### [EXERCISE AIM]
The lines in the listing below are to be given again exactly, starting at the line holding "Used 2001 Lexus LS 430 image 9" and ending at the line holding "(Batu Ferry, Bambang, N.". Do not include pictures.

### [TASK DATA]
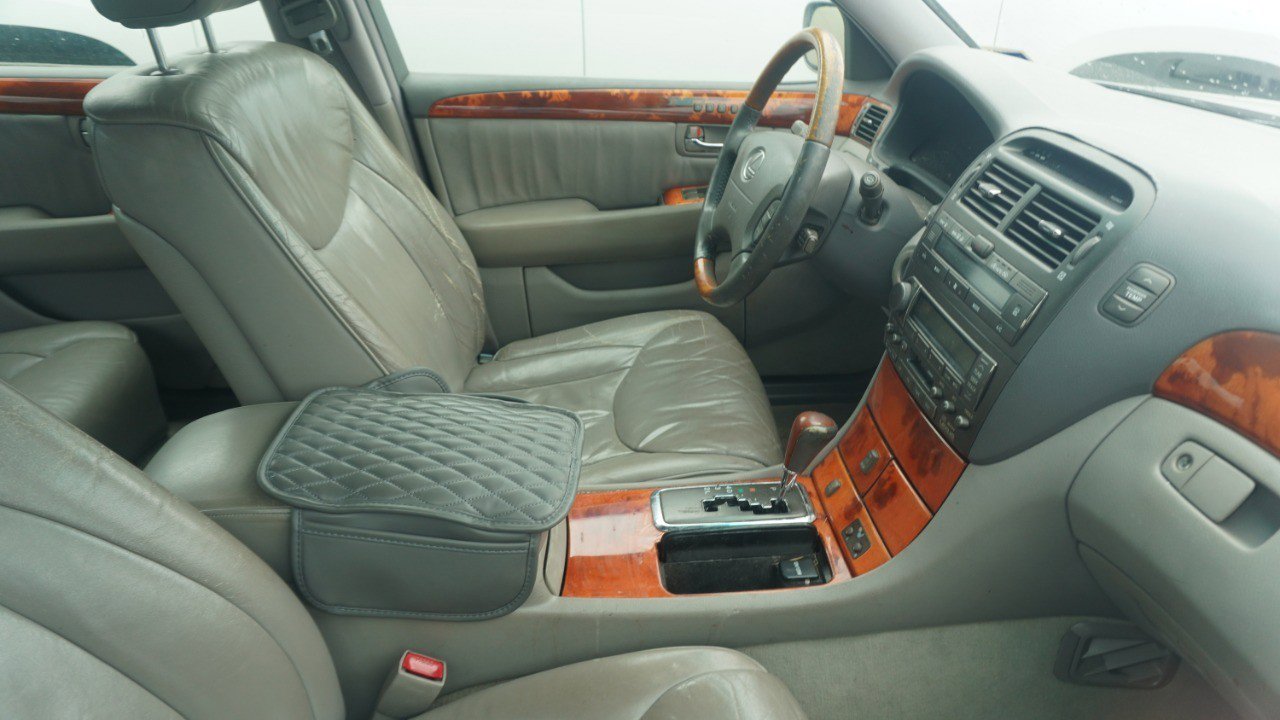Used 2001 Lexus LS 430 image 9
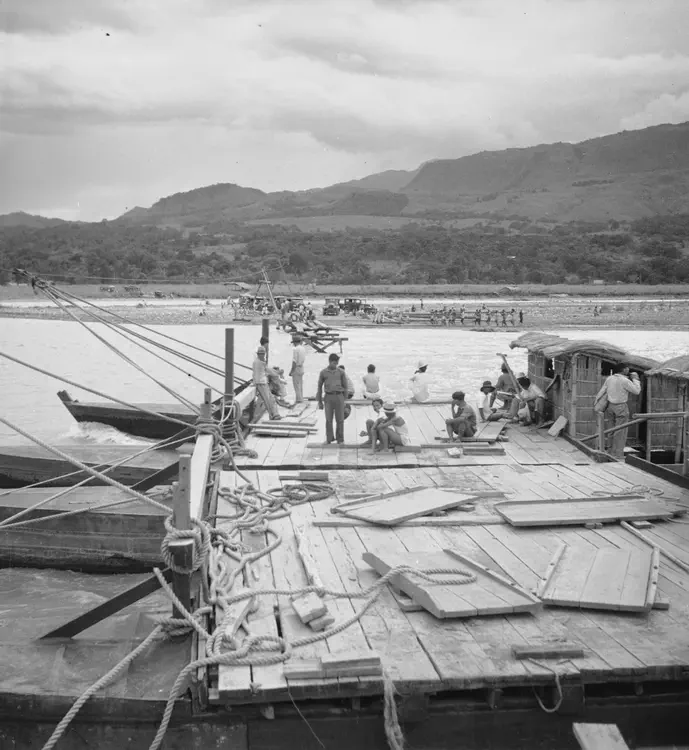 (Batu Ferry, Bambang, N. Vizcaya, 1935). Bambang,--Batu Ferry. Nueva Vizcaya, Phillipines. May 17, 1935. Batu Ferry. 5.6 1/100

* * *

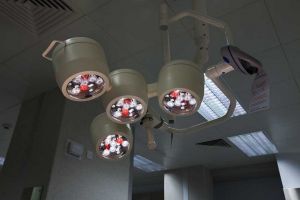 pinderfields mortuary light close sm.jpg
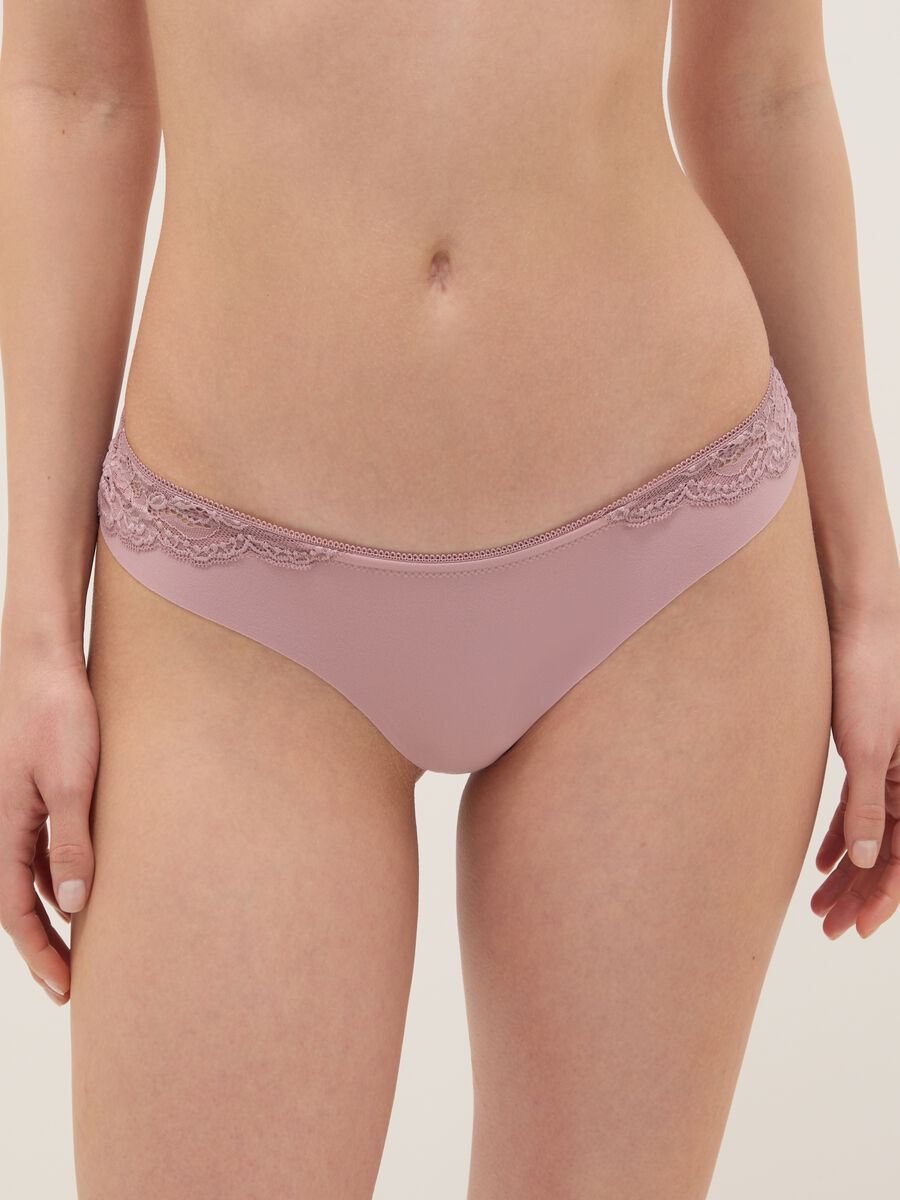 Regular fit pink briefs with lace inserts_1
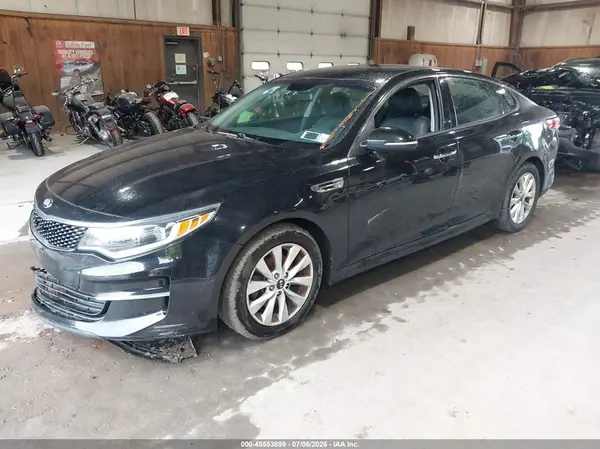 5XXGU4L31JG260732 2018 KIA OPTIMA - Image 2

### [RESPONSE TO THIS TASK]
Used 2001 Lexus LS 430 image 9
 (Batu Ferry, Bambang, N. Vizcaya, 1935). Bambang,--Batu Ferry. Nueva Vizcaya, Phillipines. May 17, 1935. Batu Ferry. 5.6 1/100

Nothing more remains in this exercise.